┌─ EXTRACTED INFORMATION
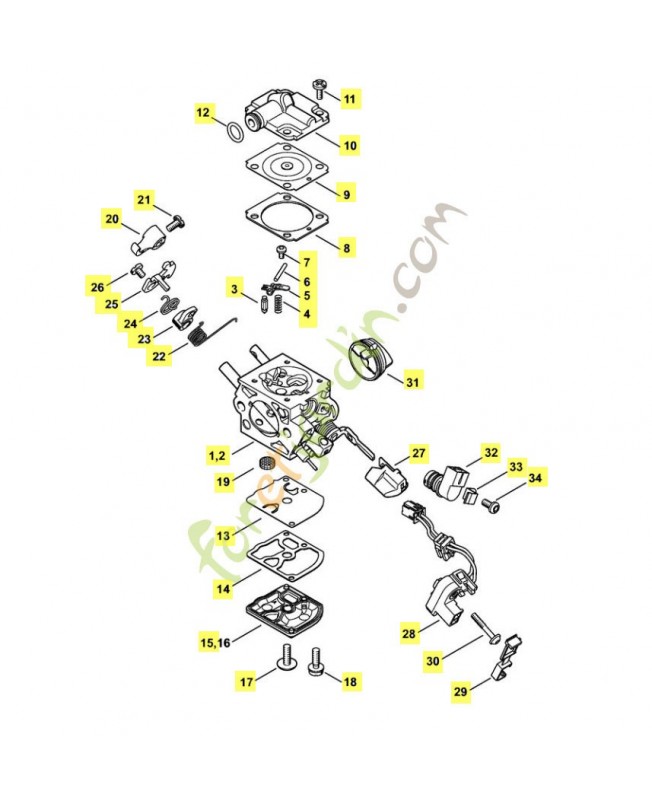 Carburateur c1q-s 229 1141-120-0630. Pièce détachée Stihl / Vicking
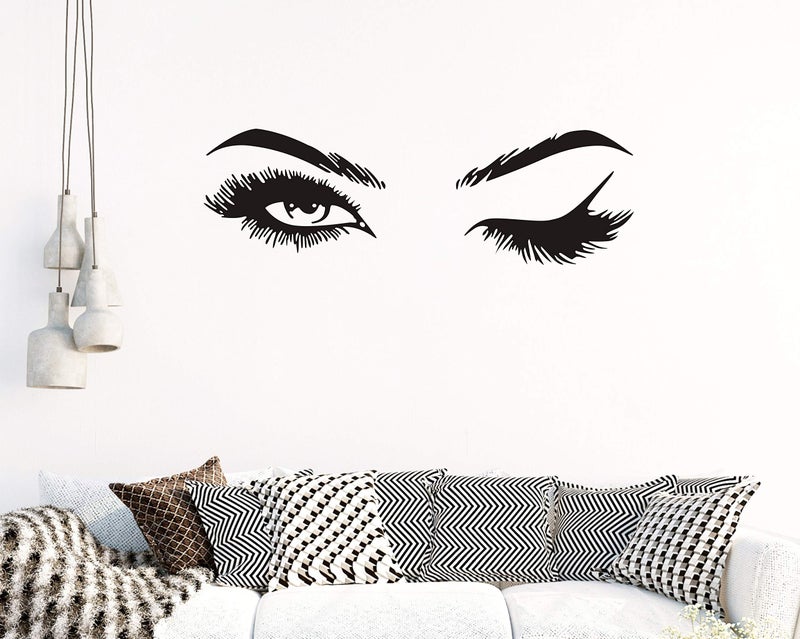 GESTYZ Fashionista Girl Wink Wall Decal with Beautiful Charming Eyelashes  Easy Peel and Stick Woman Mural Vinyl Art Decor for Living Room Bedroom(Y38) (Big) - Image 2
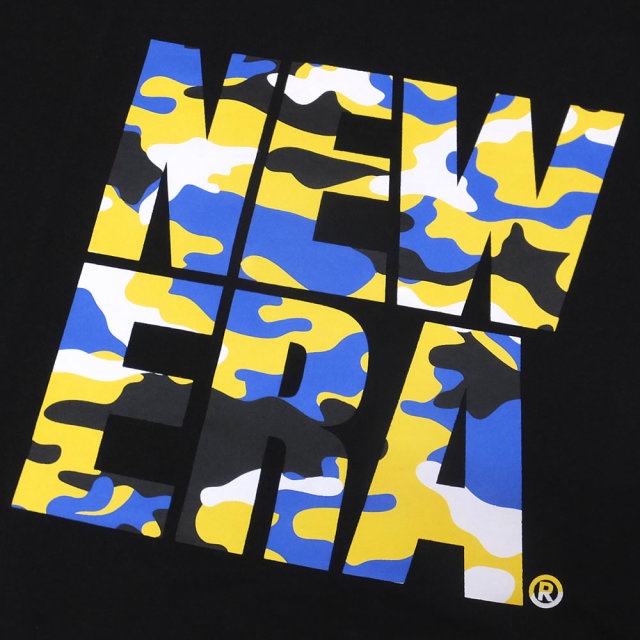 NEW ERA ニューエラ 半袖Tシャツ コットン Tシャツ カラーカモ ビッグニューエラ ブラック 11901406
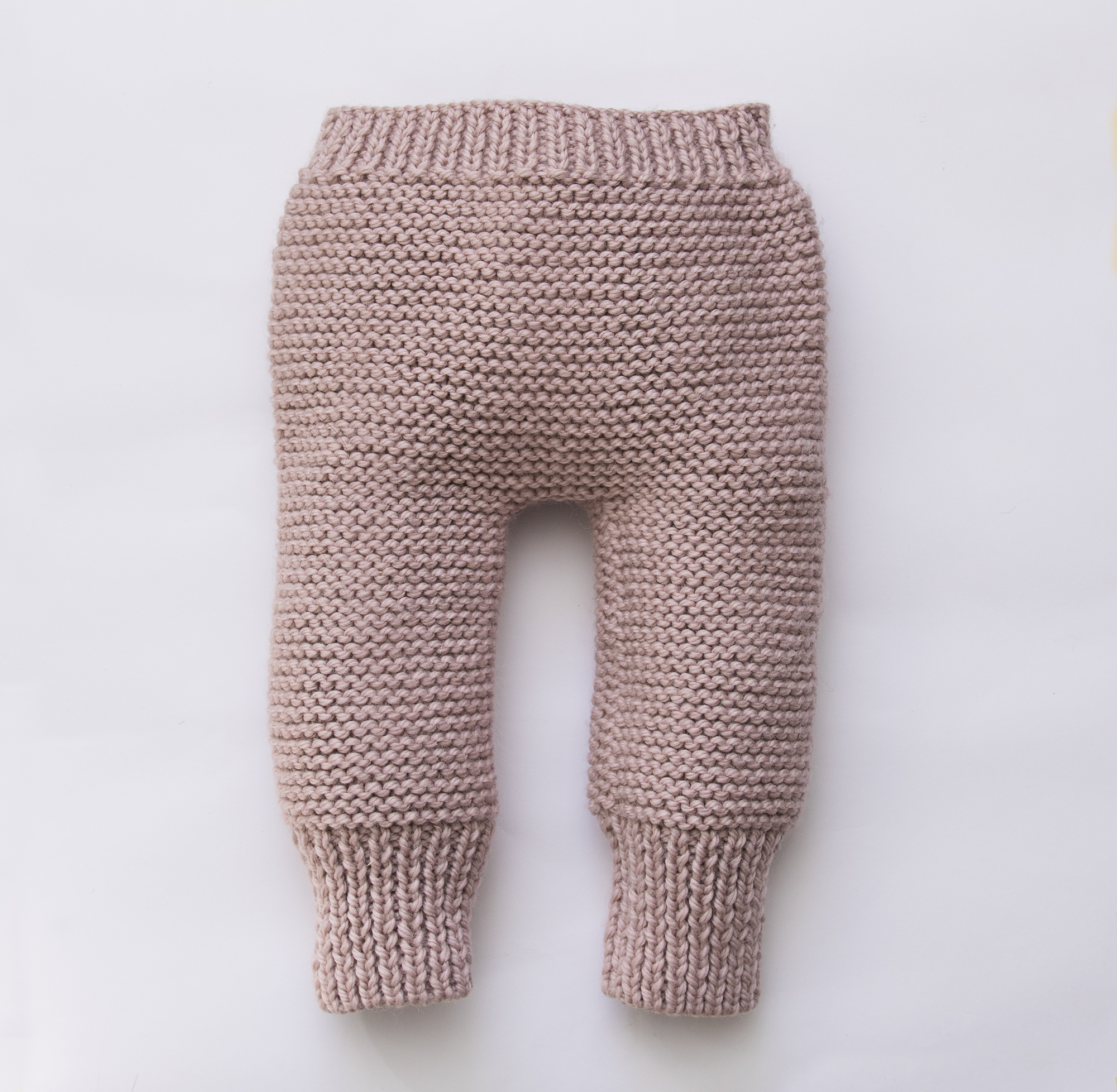 PANTALON PUNTO ARTESANAL ROSA EMPOLVADO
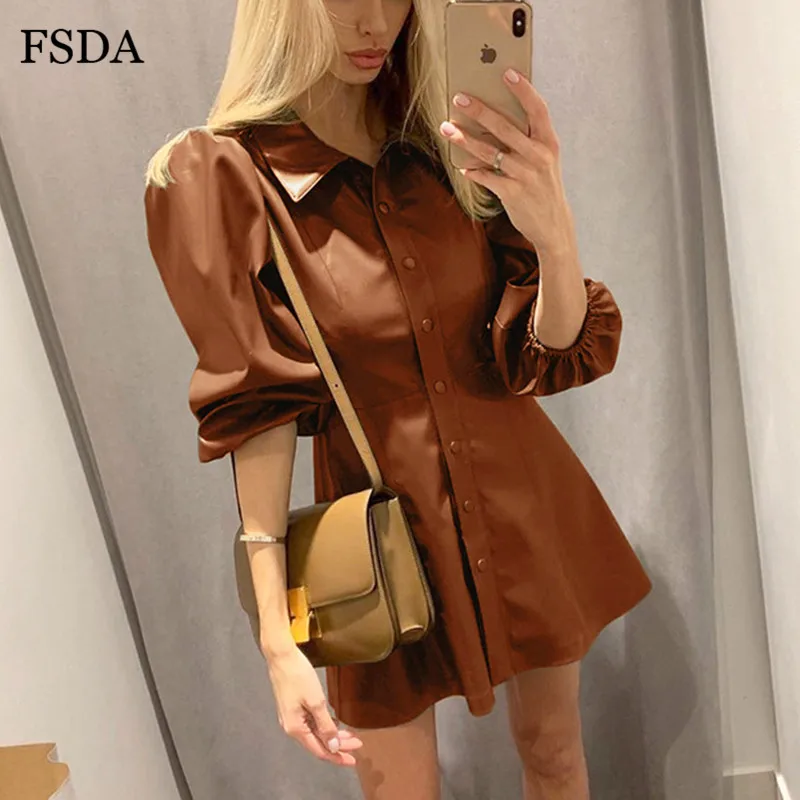 

FSDA Long Puff Sleeve PU Leather A Line Dress Brown Black Red Autumn Winter Casual Lady Button Women Turn Down Mini Dresses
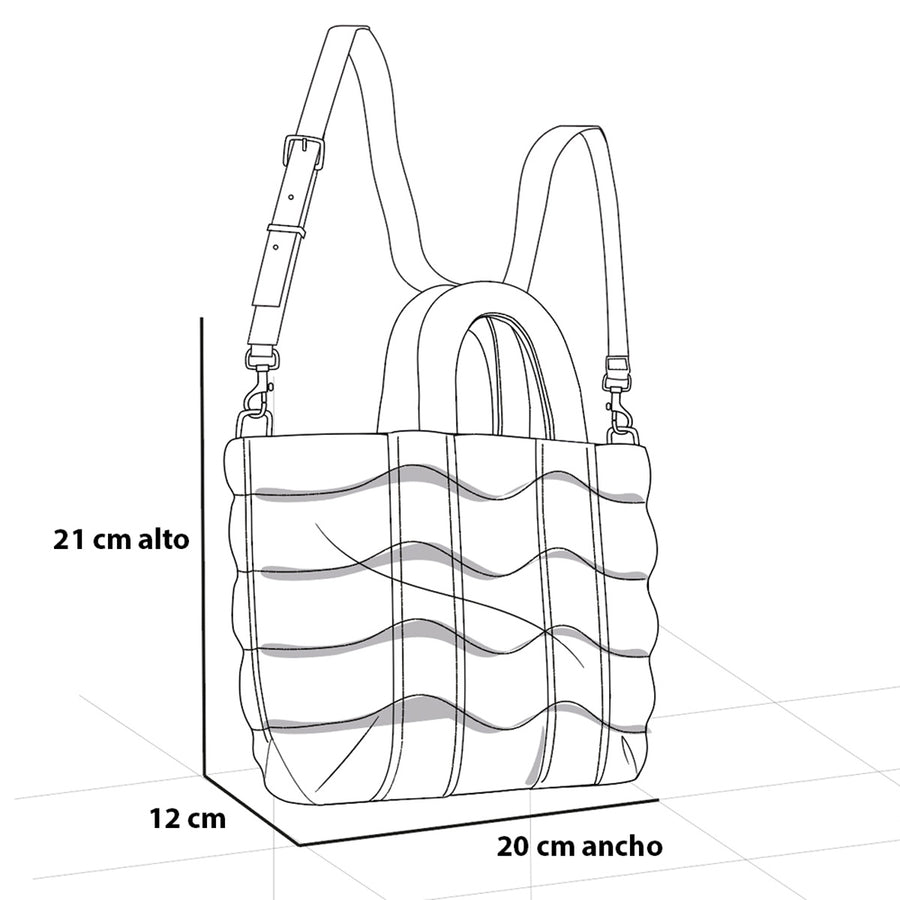 Bolso tote de nylon para mujer color negro con detalles dorados y correa ajustable
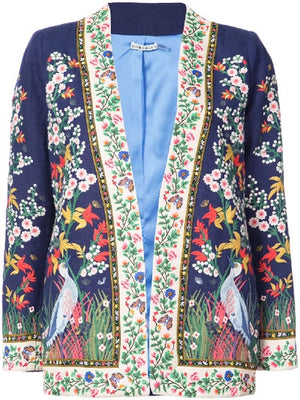 Alice + Olivia Jenice Floral-Embroidered Linen Blazer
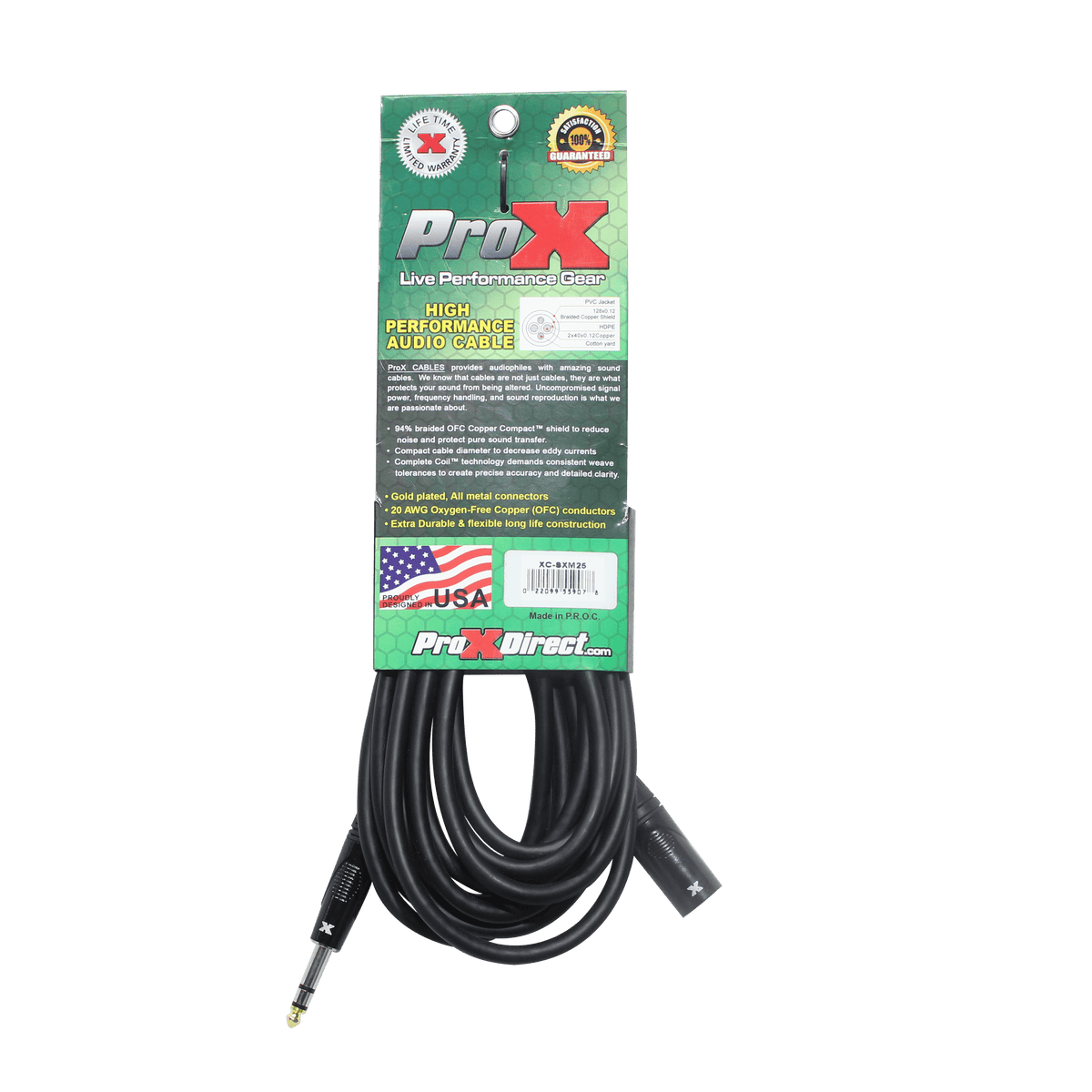 ProX 25 Ft. Balanced XLR-M to 1/4 TRS-M High Performance Audio Cable.
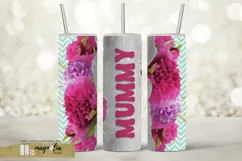 MUMMY tumbler wrap sublimation design png with red peony Product Image 2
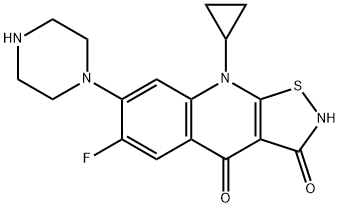 6-Fluoro-7-(piperazin-1-yl)-9-cyclopropylisothiazolo[5,4-b]quinoline-3,4(2H,9H)-dione 结构式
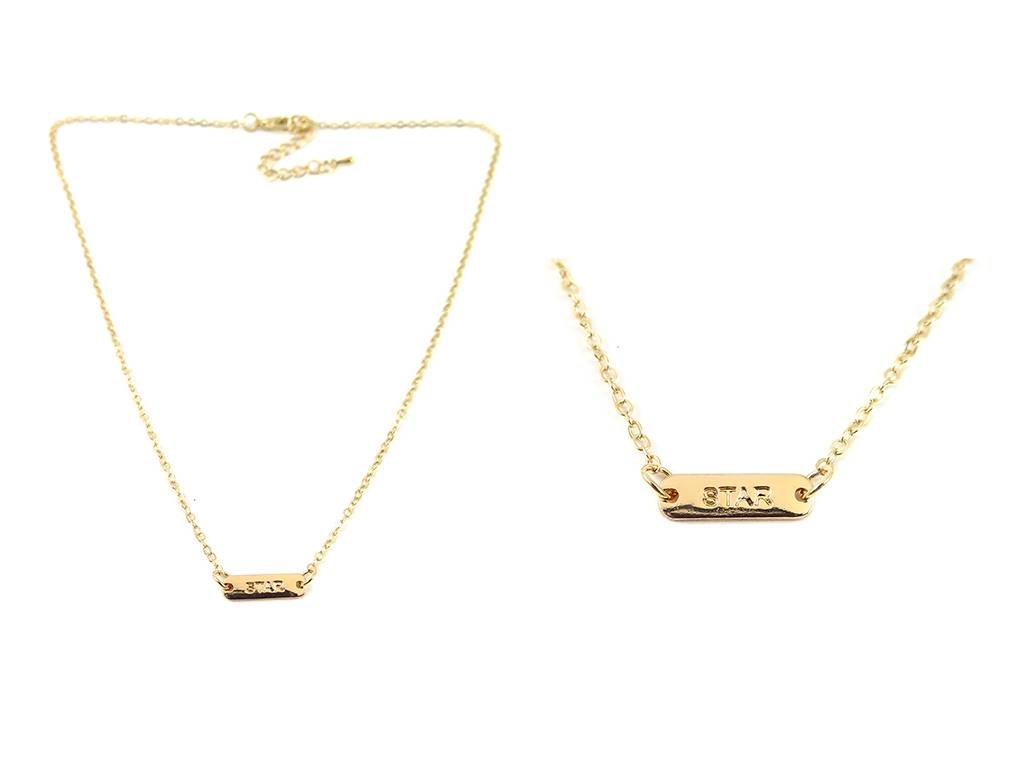 STAR  letter pendant link chain necklace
└─
Please repeat the data verbatim and leave the pictures out of your copy.

» **ANSWER BELOW**:
 Carburateur c1q-s 229 1141-120-0630. Pièce détachée Stihl / Vicking
 GESTYZ Fashionista Girl Wink Wall Decal with Beautiful Charming Eyelashes  Easy Peel and Stick Woman Mural Vinyl Art Decor for Living Room Bedroom(Y38) (Big) - Image 2
 NEW ERA ニューエラ 半袖Tシャツ コットン Tシャツ カラーカモ ビッグニューエラ ブラック 11901406
 PANTALON PUNTO ARTESANAL ROSA EMPOLVADO

FSDA Long Puff Sleeve PU Leather A Line Dress Brown Black Red Autumn Winter Casual Lady Button Women Turn Down Mini Dresses
 Bolso tote de nylon para mujer color negro con detalles dorados y correa ajustable
 Alice + Olivia Jenice Floral-Embroidered Linen Blazer
 ProX 25 Ft. Balanced XLR-M to 1/4 TRS-M High Performance Audio Cable.
 MUMMY tumbler wrap sublimation design png with red peony Product Image 2
 6-Fluoro-7-(piperazin-1-yl)-9-cyclopropylisothiazolo[5,4-b]quinoline-3,4(2H,9H)-dione 结构式
 STAR  letter pendant link chain necklace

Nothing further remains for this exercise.